The second stage for the creation of homes, consists of a participatory process, which involves carrying out a diagnosis to identify the community’s needs and priorities. Échale uses an eco-construction participatory model, which encourages the involvement of the community throughout the construction process. 

The materials used are Eco-blocks, which are blocks compacted under high pressure, made 90% of soil from the region and 10% of lime, cement and sand. The community is then provided with training and a salary that enables them to build their own homes.

This way of construction not only provides employment opportunities and boosts the local economy, but also reduces carbon emissions by 30%. Additionally, ECO-Blocks have been proven to be earthquake resistant and more stable than concrete blocks. 

In 2021, Échale concluded their first SDG Rural Community in Nacajuca, Tabasco. This project integrates the 17 Sustainable Development Goals to the adequate housing solution. With the collaboration between the three levels of government, organized civil society, academia and the community, Échale strives for the development of appropriate integrated projects, following local rural/urban plans, based on housing to trigger sustainable community development.

Deployment & Impact

Échale has implemented projects in various communities in 28 states of Mexico, providing more than 250,000 housing solutions and impacting the lives of 1 million beneficiaries. This social enterprise has also generated 450,000 employment opportunities, and rebuilt more than 2,295 houses that were affected by the 2017 earthquake in Oaxaca, Chiapas, Morelos, Puebla, Guerrero, Estado de México and Mexico City. 

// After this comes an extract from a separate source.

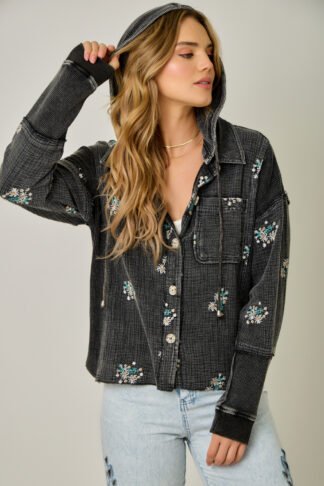 Mystree – Washed Black Embroidered Hoodie Jacket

In 2013, after huracanes Ingrid and Manuel destroyed the community Venta Vieja in Guerrero. A joint effort from the government, different funds and civil society organizations, succeeded in relocating and building the community of Venta Vieja. This project consisted in rebuilding the community’s homes, roads, electricity and water infrastructure, schools and, at the request of the neighbors, a church. In Escárcega, Campeche, Échale colaborated with the state’s government for the construction of 120 homes using Adoblock. With this project, a sustainable community with a proper water treatment system and a community center, was built.

In 2021, Nacajuca Tabasco became the first ODS Community with 65 houses. 10 of which were built with 3D printing and 55 with ECOBLOCK. Giving homes to more than 100 people. 

Échale is also exploring new opportunities worldwide and has stated in their 2021 Report, to be working with an international organization in order to replicate their work in different contexts globally, hand in hand with local partnerships.